You can now test the same scenario, but with a larger file. And before the write is completed, drain the primary node and let nfs do a failover. Your write operations should be a bit slower, but completed without any errors. You should be able to see all dummy files on both nodes (as long as the node is primary), and on your nfs client.

If you experience any hick up, you can umount with sudo umount -l /mnt and try mounting again. Sometimes the lag between switching two nfs servers is longer than the grace period parameter you’ve set.

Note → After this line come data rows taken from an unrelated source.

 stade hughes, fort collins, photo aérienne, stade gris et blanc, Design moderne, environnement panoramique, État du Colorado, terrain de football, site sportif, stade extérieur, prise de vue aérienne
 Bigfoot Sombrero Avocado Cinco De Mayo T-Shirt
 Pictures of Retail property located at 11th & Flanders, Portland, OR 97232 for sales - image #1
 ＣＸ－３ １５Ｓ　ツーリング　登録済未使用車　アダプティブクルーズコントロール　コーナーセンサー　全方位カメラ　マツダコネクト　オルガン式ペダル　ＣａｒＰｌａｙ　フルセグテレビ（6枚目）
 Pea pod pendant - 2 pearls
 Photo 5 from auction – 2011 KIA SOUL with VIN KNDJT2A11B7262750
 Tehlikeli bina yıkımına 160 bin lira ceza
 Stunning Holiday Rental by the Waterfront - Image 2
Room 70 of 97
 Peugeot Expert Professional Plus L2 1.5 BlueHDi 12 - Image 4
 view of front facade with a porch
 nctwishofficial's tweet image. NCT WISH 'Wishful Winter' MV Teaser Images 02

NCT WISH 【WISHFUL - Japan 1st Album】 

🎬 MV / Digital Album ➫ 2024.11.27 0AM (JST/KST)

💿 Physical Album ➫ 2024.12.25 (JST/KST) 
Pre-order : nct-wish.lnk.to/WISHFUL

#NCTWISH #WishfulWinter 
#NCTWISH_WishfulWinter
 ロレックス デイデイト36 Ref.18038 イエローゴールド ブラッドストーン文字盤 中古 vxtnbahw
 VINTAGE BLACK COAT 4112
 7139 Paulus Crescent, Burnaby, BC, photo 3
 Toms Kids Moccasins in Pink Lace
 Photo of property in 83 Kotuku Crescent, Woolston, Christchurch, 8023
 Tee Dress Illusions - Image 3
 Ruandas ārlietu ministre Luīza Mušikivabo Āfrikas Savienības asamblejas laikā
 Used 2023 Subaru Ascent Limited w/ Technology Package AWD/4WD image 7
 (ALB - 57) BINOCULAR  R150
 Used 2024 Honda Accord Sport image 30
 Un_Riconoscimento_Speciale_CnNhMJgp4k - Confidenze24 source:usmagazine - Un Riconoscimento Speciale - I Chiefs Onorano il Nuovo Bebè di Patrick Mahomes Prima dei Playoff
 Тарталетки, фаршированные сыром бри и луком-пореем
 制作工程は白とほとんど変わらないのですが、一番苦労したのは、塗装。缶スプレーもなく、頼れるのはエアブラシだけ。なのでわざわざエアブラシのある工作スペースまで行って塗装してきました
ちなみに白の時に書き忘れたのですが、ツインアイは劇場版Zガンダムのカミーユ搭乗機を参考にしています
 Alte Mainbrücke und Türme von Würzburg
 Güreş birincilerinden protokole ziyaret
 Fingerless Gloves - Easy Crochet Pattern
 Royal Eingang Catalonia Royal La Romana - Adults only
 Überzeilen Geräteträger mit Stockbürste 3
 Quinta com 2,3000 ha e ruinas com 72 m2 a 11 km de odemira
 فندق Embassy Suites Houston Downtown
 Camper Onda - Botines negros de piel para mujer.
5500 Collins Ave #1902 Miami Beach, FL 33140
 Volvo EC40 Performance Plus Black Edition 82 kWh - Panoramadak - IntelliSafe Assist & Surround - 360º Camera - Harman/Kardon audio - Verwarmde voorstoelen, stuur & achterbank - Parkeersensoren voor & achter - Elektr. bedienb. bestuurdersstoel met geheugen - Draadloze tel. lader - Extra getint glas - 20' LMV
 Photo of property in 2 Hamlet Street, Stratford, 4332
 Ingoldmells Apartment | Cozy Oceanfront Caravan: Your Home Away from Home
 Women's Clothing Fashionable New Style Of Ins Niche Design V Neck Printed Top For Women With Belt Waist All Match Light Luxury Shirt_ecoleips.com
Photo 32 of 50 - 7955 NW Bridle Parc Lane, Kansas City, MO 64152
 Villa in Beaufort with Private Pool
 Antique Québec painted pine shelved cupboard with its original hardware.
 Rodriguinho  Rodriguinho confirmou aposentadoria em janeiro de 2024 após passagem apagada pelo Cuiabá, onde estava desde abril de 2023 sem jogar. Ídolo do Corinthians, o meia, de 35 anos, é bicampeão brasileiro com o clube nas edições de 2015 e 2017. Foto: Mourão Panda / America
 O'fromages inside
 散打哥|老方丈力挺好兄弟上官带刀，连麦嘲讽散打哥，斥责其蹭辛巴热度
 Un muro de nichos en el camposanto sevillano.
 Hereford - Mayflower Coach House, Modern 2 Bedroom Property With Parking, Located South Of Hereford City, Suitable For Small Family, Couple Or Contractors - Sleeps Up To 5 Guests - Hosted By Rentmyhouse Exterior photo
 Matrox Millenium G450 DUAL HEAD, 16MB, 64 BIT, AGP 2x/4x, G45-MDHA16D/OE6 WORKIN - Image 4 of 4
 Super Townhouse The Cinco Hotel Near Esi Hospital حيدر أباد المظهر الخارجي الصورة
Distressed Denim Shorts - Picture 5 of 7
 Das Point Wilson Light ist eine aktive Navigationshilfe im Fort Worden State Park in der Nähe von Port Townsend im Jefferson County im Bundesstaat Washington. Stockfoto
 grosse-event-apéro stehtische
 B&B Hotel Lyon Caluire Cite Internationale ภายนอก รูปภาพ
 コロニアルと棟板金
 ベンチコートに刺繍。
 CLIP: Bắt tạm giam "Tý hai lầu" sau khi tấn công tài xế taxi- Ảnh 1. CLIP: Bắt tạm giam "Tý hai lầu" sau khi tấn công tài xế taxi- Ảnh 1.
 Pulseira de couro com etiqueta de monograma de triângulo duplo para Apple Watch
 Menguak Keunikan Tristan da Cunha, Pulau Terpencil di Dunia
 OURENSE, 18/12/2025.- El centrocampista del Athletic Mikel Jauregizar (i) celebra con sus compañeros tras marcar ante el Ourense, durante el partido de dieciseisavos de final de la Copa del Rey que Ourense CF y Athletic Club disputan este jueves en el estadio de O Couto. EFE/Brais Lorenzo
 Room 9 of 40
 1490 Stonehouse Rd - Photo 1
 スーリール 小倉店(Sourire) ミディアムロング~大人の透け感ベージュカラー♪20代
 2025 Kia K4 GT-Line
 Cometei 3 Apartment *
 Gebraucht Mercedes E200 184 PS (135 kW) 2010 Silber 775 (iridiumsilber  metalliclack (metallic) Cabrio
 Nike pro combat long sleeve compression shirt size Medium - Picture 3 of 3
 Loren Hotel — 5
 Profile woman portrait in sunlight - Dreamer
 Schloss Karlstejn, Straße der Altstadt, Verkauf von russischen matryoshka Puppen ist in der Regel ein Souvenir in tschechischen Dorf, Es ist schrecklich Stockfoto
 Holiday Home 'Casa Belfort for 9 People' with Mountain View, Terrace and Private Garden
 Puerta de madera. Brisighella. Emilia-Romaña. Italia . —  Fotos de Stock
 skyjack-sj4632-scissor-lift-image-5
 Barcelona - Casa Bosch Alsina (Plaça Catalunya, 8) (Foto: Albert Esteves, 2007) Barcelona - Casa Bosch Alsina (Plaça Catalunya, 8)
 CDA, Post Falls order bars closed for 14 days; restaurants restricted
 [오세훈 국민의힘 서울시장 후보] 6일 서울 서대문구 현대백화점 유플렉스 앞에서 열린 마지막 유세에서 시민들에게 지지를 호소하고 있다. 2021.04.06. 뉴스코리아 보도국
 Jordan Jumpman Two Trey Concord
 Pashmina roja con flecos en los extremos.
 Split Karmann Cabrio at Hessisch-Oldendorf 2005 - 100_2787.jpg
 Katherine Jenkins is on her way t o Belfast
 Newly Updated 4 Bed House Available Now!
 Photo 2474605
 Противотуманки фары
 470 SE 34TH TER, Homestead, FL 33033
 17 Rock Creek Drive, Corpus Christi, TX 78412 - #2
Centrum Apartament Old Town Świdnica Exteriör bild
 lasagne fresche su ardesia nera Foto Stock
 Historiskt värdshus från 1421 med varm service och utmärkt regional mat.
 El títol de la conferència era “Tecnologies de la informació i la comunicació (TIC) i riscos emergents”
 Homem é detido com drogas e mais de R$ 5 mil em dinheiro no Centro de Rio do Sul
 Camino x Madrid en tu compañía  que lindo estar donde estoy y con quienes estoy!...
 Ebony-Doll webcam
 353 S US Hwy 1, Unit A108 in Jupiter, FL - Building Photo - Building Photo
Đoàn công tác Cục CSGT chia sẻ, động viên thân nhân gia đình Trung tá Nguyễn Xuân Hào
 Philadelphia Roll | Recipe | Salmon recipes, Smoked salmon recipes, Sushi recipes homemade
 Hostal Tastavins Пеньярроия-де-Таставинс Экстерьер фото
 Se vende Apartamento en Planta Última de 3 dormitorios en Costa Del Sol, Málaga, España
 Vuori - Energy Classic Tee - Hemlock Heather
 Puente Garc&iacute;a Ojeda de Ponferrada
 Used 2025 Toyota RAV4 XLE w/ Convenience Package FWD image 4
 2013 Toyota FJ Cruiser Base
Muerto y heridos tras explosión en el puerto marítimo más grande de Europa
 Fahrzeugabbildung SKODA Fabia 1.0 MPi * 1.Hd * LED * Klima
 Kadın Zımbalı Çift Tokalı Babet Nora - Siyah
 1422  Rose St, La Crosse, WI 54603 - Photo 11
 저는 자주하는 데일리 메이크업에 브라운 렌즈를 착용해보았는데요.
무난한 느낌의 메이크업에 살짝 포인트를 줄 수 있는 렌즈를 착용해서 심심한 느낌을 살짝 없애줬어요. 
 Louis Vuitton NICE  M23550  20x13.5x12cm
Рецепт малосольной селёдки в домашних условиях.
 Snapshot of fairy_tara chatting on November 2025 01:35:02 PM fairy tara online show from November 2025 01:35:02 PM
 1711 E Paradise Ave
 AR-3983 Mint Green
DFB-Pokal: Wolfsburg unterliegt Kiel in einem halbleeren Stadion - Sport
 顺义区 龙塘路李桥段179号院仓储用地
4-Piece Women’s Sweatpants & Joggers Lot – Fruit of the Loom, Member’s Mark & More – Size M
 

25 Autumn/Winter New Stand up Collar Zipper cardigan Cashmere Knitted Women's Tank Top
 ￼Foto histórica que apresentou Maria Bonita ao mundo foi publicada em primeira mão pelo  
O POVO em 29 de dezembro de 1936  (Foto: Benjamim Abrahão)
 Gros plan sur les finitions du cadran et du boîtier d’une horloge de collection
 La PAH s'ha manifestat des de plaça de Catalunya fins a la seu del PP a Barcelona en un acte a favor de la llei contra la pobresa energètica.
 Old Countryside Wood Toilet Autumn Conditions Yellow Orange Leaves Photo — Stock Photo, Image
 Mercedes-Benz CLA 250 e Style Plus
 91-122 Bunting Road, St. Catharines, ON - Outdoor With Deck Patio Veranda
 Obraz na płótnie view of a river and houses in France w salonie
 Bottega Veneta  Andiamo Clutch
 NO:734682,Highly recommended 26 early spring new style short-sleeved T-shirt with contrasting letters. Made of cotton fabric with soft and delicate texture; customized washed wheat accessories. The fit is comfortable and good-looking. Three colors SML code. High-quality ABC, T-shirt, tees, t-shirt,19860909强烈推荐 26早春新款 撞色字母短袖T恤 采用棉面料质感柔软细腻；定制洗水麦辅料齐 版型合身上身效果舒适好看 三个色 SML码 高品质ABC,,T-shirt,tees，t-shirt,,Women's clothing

If I were you, I would test this setup for a while before migrating all my data to it. It is looks like a nice setup but may not be as performant as you expect under heavy network loads. I am planning to move the state of a Docker Swarm Cluster to a HA-NFS cluster like this and mount docker volumes via nfs but I am still concerned about the performance and agility of an automatic failing over. Still, it was a nice exercise for me to understand corosync and pacemaker as well as tweaking with nfsd on different versions of ubuntu.